If your Eulerian part includes regions without a material assignment, it may be helpful to activate an isosurface view cut based on the EVF_VOID output variable. By cutting away all regions in which EVF_VOID is greater than 0.5, you are able to see the shape of materials within the part.
After activating an isosurface view cut based on the EVF variable, you can change the primary field output variable without affecting the view cut. This enables you to visualize results contours along the boundaries of material instances instead of on Eulerian part faces (see Figure 28–14).
Isosurface view cuts based on output variable EVF do not affect Lagrangian part instances in a coupled Eulerian-Lagrangian model. The Lagrangian parts remain visible when the cut is active. Therefore, this technique is useful for visualizing the interaction between a Lagrangian part and an Eulerian material instance.
For further details on using view cuts in the Visualization module, see Chapter 80, “Cutting through a model.”
Combining view cuts and contour plots
In an Eulerian part that includes three material instances, you can use a combination of view cuts and contour plots to distinguish material instances in the undeformed and deformed model states. First, use an isosurface view cut to remove one of the material instances from the display, as discussed above. Then, create a contour plot of output variable EVF for one of the remaining material instances. The resulting colors in the model distinguish one material from the other. To produce a more defined boundary between the materials, you can reduce the number of contour intervals to two.
For example, Figure 28–15 depicts an Eulerian model of a lead projectile impacting a brass plate. The void regions of the Eulerian part are cut away. A two-interval contour plot is applied, rendering the brass in one color and the lead (i.e., not brass) in another color. The resulting plot offers a useful generalization of the deformed shape of the projectile and plate.
Figure 28–15 A contour plot is used to distinguished two Eulerian materials in a projectile impact analysis.
Currently there is no way to visually distinguish more than three Eulerian material instances simultaneously using Abaqus/CAE.
Color coding
Color coding cannot be used to visualize material behavior in Eulerian parts. The color coding tool in Abaqus/CAE does not recognize Eulerian section or material assignments.
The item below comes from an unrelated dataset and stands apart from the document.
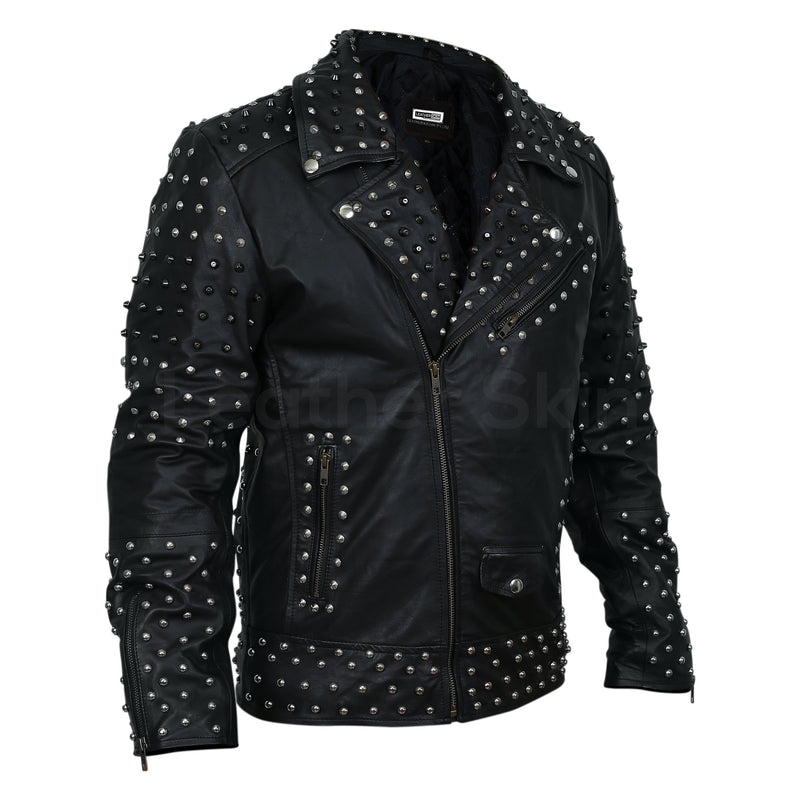 Men Black Cone Spike and Roundhead Studs Leather Jacket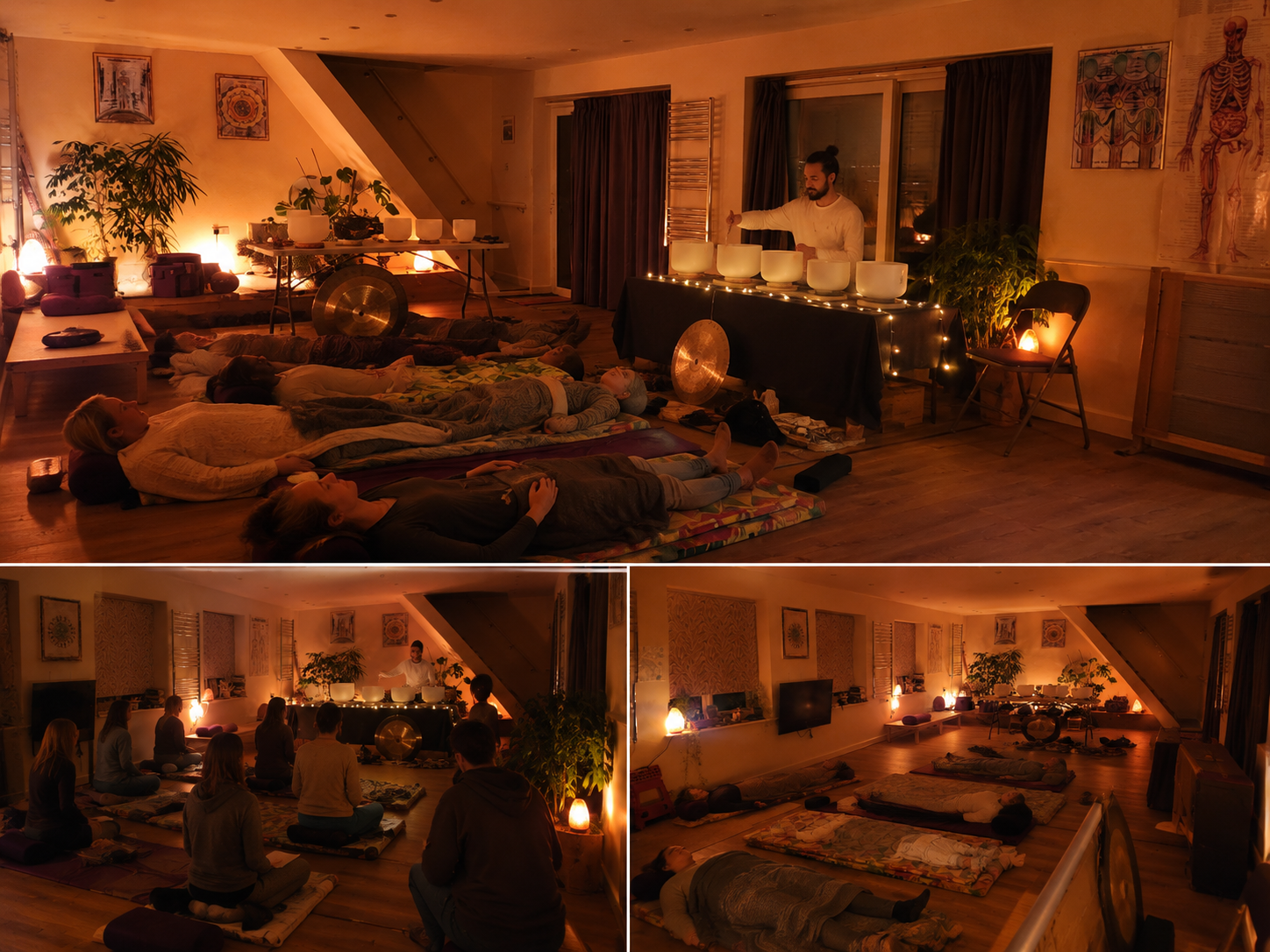 Three views of a real sound healing evening: bowls being played, a seated circle, and guests resting under blankets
Color coding based on element sets is also ineffective for deformed shape plots because the Eulerian elements do not deform with the material.
However, in coupled Eulerian-Lagrangian models, color coding can distinguish between Eulerian and Lagrangian part instances or Eulerian and Lagrangian element types. When used with the visualization techniques discussed above, color coding can be helpful in distinguishing Lagrangian bodies from Eulerian materials in a model.
For further details on applying color coding to a model, see Chapter 77, “Color coding geometry and mesh elements.”
Display groups
Certain types of coupled Eulerian-Lagrangian models involve a single Eulerian material instance throughout the Eulerian part; for example, a Lagrangian penetrator moving through a uniform Eulerian material. In these analyses the deformation of the Eulerian material is not as important as the interaction between the Eulerian material and the Lagrangian body. You can use a display group to remove the Eulerian elements from the display and visualize results (such as contact pressure or stress) on only the Lagrangian body.
For further details on using display groups, see Chapter 78, “Using display groups to display subsets of your model.”